I went to the local Ruby user group meeting yesterday, and
got a quick run through of RoR. Naturally, it was far more
awkward than the video makes out, and the limitations are
there (i.e. venture far from the standard scenario, and you
can do it, but it may be hard).

The group's website led me to:
     http://conferences.oreillynet.com/cs/et2006/view/e_sess/9113

and here's a quote from that link:

"... recently lost a potentially great client because the client
concluded that we were the only dedicated Rails consulting shop
in the city. If we disappeared, who would help them?

We realized that the best way to help ourselves was to create competition!
Our solution to this is Toronto Rails Pub Nite.
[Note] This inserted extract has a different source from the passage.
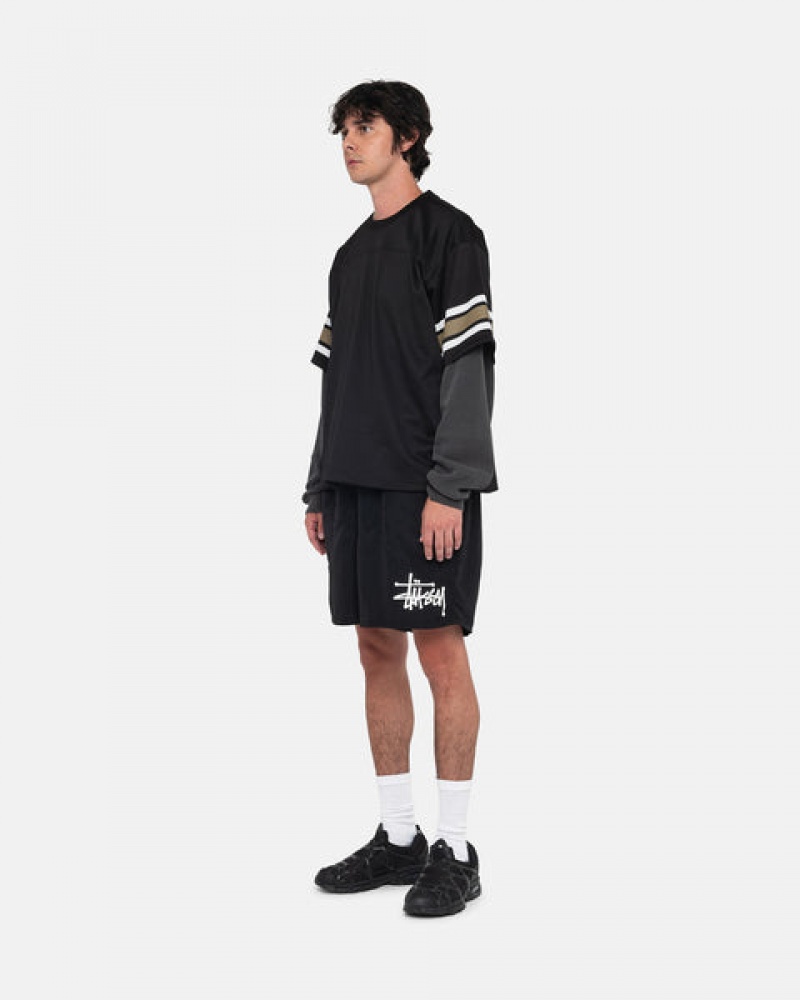 Black Men's Stussy Water Short Big Basic Shorts KSA | TXW-8974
We were hoping 10-12
people would come, but it currently looks like we are expecting 50-100
developers at our inaugural event right after March 13th."

The talk amongst the Rubyist at the table was that they're fighting
to get corporate adoption - almost all the same arguments against as
for Smalltalk (except for "dead" talk - they have a "too immature"
label instead).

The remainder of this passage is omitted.